Assailants armed with assault rifles opened fire on troops traveling in two pick-up trucks. Two soldiers died at the scene and two others were taken to a hospital with injuries, the AG’s office said.
The patrol repulsed the attack, but the aggressors got away.
Authorities suspect the ambush was carried out by gunmen from the Caballeros Templarios drug cartel in retaliation for the death of one of the group’s leaders, Rafael Orozco, in a clash with state police on Wednesday.
Mexico’s No. 2 public official, Government Secretary Miguel Angel Osorio Chang, announced Thursday that President Enrique Peña Nieto had decided to eliminate the post of federal commissioner for security and development in Michoacan.
He shared the news during a public hearing in Morelia, the state capital, to review the strategy the federal government has followed since intervening in Michoacan a year ago amid conflict between organized crime and vigilante groups.

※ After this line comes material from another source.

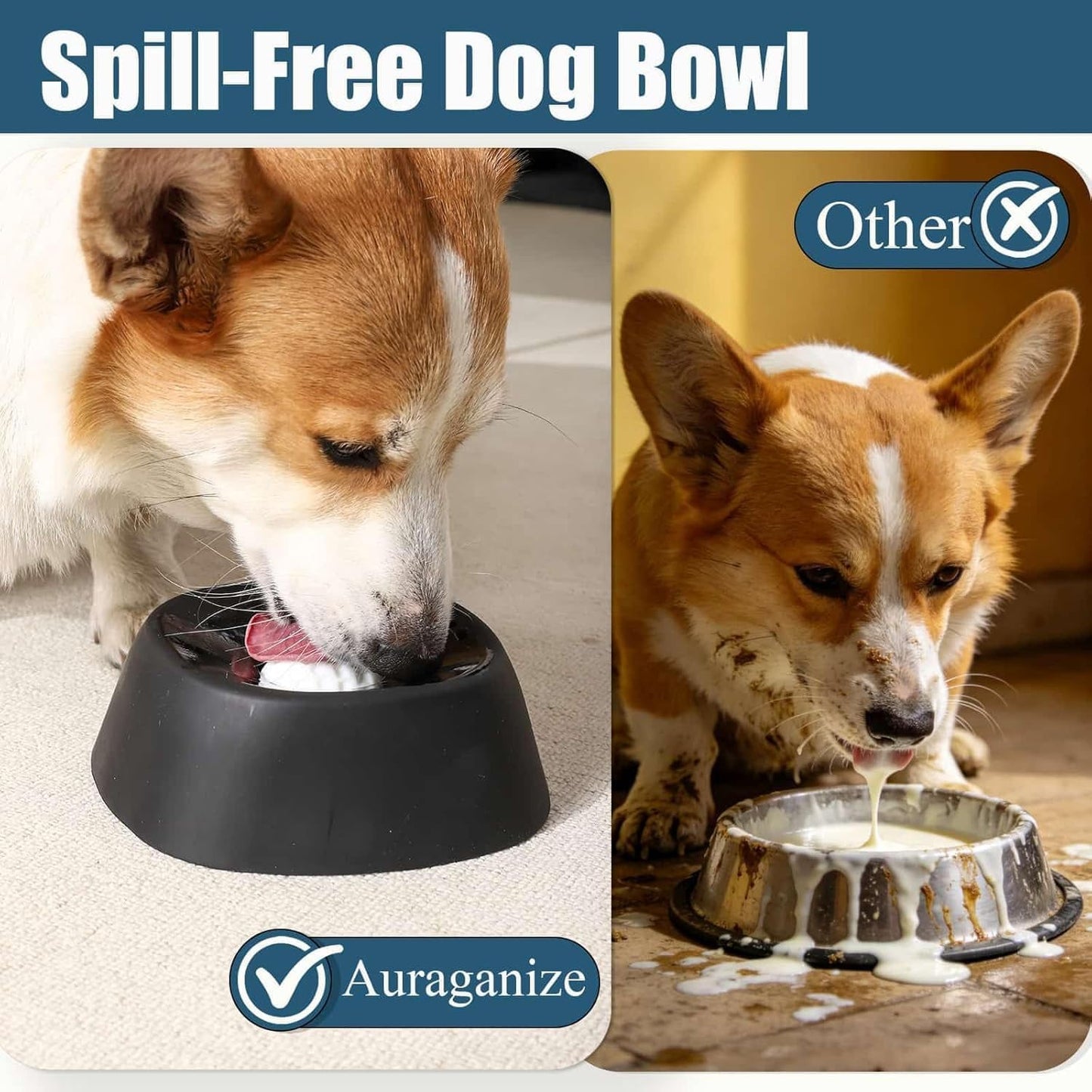 Pet Slow Feeder Bowl Set - Automatic Feeding System Anti-Choke Slow Eating Bowl for Dogs Cats Multi-Function Pet Food Water Dispenser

Osorio Chang referred to recent criticism he said was aimed at “politicizing” the status of commissioner Alfredo Castillo ahead of the June 7 gubernatorial and legislative elections in the western state.
The federal intervention in Michoacan met with some success initially, including the arrest of leading figures in the Templarios cartel and the incorporation of many of the vigilantes into an army-controlled Rural Force.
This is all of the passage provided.